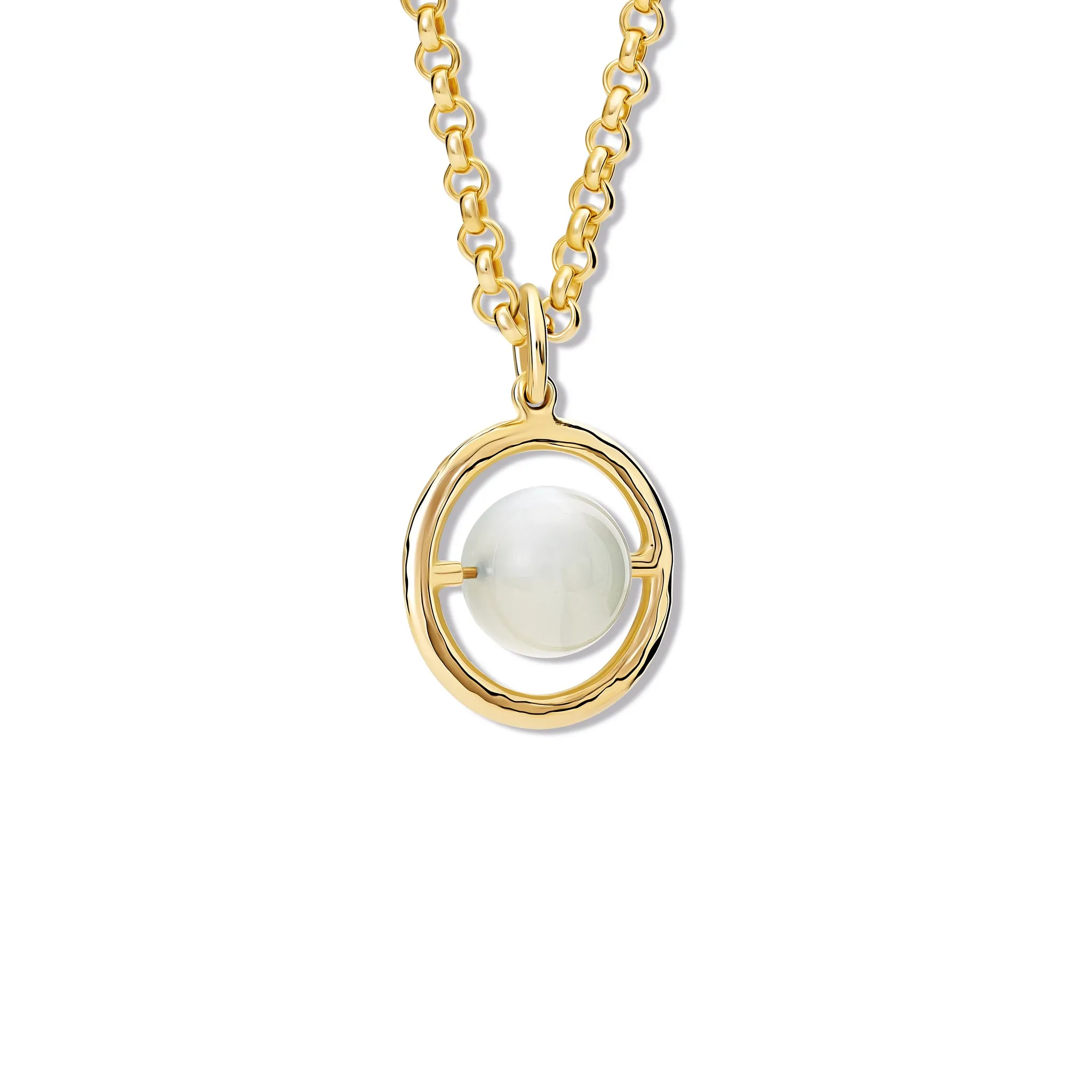 Archipelago Necklace Pendant Yellow Gold - Pearl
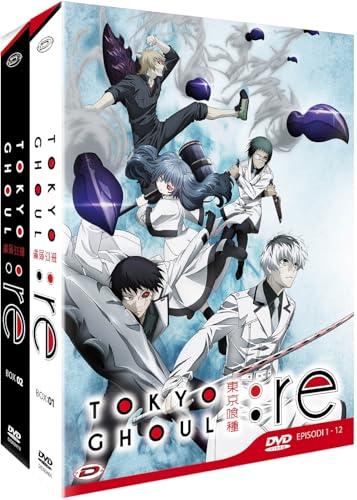 DYNIT Tokyo Ghoul: Re - Bundle Stagione 03 Box 01-02 (Eps 01-24) (6 Dvd) (Edizione Limitata)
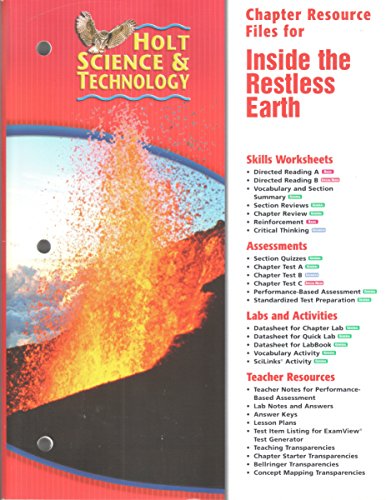 9780030306464: Holt Science and Technology Chapter Resources (F) Inside the Restless Earth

[PROBLEM STATEMENT] Repeat the material above in full and unchanged, minus its images.

[ANSWER SPACE]
 Archipelago Necklace Pendant Yellow Gold - Pearl
 DYNIT Tokyo Ghoul: Re - Bundle Stagione 03 Box 01-02 (Eps 01-24) (6 Dvd) (Edizione Limitata)
 9780030306464: Holt Science and Technology Chapter Resources (F) Inside the Restless Earth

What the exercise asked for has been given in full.